O companheiro Marcelo Ribeiro, preso na manifestação do MEPR no dia 24/03, Rio de Janeiro, escreveu para o Jornal Estudantes do Povo esta matéria onde relata os quatro dias em que esteve detido na Polinter. Seu texto é uma grande denúncia sobre o massacre que está ocorrendo nas prisões no Brasil. É uma questão que chega em boa hora, exatamente quando o governo Lula defende a reforma política, particularmente do judiciário, para acabar com o chamado "crime organizado". Esta é uma reforma reacionária, que legaliza dispositivos da época do regime militar, como a medida provisória baixada por Lula que aumenta de 6 meses para 1 ano o tempo de isolamento de um preso. Em meio a toda a campanha fascista dos monopólios de comunicação, que pedem sempre mais restrições aos direitos dos presos, a matéria de Ribeiro é um grito que não pode ser calado. Mostra a dignidade destes que foram empurrados pela miséria para a criminalidade e que, mesmo estando em condições subumanas mantém a cabeça erguida.
A Situação dos detentos dentro da Polinter, conhecida no RJ como "Massacre", é um espelho de todo o sistema carcerário brasileiro. Aqui não me deterei em uma análise de tal sistema, mas de minha experiência no período em que estive dentro deste cárcere.

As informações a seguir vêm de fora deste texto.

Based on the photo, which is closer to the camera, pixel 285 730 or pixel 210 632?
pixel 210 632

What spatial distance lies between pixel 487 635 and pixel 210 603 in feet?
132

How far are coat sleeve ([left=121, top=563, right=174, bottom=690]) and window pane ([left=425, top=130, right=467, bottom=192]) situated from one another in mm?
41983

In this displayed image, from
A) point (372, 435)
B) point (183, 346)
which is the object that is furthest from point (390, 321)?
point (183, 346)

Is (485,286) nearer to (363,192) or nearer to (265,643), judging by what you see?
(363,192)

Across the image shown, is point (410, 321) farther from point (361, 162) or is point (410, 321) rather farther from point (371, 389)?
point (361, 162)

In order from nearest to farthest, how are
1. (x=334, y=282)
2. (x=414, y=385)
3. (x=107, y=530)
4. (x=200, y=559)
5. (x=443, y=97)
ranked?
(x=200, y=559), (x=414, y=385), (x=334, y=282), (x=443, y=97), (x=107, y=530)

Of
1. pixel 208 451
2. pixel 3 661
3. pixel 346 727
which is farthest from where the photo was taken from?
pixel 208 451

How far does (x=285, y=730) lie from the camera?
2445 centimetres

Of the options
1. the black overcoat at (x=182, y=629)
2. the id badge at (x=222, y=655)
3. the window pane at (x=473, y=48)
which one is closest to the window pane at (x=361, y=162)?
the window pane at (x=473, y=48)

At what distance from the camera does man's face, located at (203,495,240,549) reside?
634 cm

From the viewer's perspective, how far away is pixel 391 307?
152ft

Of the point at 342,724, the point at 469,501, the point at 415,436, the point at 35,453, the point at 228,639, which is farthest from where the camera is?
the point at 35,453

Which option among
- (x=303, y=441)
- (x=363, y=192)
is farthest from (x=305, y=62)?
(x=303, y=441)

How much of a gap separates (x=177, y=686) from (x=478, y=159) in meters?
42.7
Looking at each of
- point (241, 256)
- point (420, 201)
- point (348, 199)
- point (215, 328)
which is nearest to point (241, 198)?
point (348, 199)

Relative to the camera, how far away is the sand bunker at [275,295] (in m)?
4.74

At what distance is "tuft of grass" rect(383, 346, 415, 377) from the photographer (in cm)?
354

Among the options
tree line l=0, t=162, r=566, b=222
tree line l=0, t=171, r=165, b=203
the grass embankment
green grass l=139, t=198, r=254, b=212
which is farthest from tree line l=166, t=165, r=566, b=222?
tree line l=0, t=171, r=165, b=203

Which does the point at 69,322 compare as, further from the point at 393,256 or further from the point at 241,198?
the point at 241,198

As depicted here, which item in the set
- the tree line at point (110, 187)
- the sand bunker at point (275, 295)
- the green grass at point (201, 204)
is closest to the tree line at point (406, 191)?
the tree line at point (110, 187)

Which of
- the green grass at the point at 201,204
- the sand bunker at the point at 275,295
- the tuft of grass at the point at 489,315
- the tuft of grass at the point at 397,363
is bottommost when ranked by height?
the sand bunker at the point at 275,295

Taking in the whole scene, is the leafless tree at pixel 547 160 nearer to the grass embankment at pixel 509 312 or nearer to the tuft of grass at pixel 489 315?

Quando cheguei na carceragem da Polinter fiquei numa cela conhecida como triagem. Esta triagem mede aproximadamente 4m por 2m onde ficam normalmente 10 detentos, podendo chegar a 15 ou 20 segundo relatos dos próprios presos.

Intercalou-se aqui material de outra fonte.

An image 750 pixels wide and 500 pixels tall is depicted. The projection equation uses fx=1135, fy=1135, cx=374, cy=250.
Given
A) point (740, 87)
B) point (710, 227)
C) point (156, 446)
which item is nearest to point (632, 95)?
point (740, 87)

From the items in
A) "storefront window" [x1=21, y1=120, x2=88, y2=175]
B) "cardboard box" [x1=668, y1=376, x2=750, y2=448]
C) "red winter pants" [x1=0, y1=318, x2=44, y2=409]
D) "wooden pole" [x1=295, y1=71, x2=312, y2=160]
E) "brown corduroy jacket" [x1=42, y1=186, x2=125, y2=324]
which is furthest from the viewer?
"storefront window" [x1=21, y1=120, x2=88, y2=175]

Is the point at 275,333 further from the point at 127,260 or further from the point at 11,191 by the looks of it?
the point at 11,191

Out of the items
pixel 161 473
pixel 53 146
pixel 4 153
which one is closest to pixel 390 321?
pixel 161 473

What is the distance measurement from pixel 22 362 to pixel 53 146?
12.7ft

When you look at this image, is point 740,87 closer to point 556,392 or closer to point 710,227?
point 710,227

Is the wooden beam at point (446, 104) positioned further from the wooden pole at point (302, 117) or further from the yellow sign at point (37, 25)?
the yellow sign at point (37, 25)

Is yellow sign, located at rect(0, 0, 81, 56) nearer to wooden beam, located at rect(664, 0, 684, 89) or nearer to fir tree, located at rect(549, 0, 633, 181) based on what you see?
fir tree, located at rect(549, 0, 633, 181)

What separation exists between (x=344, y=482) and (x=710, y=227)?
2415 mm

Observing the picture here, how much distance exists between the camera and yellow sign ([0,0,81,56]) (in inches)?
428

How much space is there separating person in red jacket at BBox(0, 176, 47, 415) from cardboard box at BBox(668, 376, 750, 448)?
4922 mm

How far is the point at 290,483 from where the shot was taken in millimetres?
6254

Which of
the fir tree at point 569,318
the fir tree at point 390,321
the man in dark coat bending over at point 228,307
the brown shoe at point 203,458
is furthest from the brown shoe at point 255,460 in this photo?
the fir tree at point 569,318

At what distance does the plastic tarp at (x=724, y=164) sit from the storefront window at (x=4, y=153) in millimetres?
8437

Dali fui transferido para o "xadrez" de número 14, que é uma cela de 14m por 2m para 12 pessoas. Nela estavam mais de 80 detentos. Logo no segundo dia houve um remanejamento de presos e a cela ficou com 65 presos. Deve-se salientar que não há sistema de ventilação, o que aumenta consideravelmente a sensação de calor que no primeiro dia chegou a 50 graus.

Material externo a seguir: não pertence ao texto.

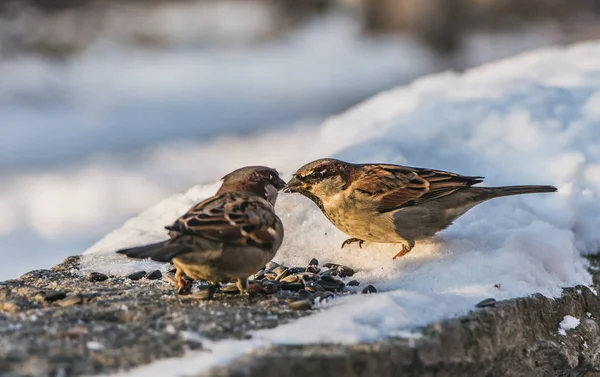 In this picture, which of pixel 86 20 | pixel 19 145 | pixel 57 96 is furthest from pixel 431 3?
pixel 19 145

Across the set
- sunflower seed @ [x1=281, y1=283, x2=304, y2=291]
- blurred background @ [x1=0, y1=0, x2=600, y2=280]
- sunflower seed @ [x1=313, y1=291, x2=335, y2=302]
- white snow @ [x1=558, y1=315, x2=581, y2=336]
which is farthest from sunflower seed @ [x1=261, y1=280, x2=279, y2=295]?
blurred background @ [x1=0, y1=0, x2=600, y2=280]

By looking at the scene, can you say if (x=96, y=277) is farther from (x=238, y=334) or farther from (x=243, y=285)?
(x=238, y=334)

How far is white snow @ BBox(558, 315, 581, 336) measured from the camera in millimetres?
4223

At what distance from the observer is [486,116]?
6.49 m

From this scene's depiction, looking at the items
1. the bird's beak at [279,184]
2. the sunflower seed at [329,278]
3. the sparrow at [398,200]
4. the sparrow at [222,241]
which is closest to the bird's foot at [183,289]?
the sparrow at [222,241]

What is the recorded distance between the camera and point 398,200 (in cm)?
490

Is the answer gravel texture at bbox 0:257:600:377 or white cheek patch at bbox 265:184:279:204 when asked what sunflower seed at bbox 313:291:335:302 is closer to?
gravel texture at bbox 0:257:600:377

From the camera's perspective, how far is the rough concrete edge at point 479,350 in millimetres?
2992

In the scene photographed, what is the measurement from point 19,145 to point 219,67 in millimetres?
6229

A minha chegada já era esperada pelos detentos pois os mesmos já haviam tido a noticia de minha prisão pela televisão. Todos que são encarcerados nas malditas masmorras são recebidos por uma comissão de presos, eleita mensalmente dentro de cada cela. Na chegada, reúnem- se com os detentos novatos e explicam todas as normas de funcionamento interno das celas. Participam também dessa reunião todos os demais presos. Foi nela que expus o motivo de minha prisão e me dispus a ajudar os detentos com o que fosse possível. Surgiu então a idéia de uma aula de alfabetização pois a grande maioria dos presos quando muito possuem a 4ª serie primaria. Logo no primeiro dia iniciamos as aulas de alfabetização que tinham 20 alunos. Usamos pedaços de papel como quadro no primeiro dia, mas logo no segundo conseguimos um pequeno quadro negro com o pretexto que serviria para o culto dos religiosos, pois se falássemos que serviriam para as "tais aulas" como diziam os policiais nunca o teríamos conseguido. O giz utilizado era um inseticida de tipo sólido, usado para matar barata, pois era o único permitido. Logo no final da 1ª aula tomei a iniciativa de iniciar um outro curso, que os companheiros de cela chamaram de "Curso de Política". Este curso teve maior participação e tive que fazer duas turmas, contando uma com 24 e outra com 26 participantes. Nesse curso discutimos sobre Revolução Russa, Revolução Chinesa e Historia da Luta do Povo.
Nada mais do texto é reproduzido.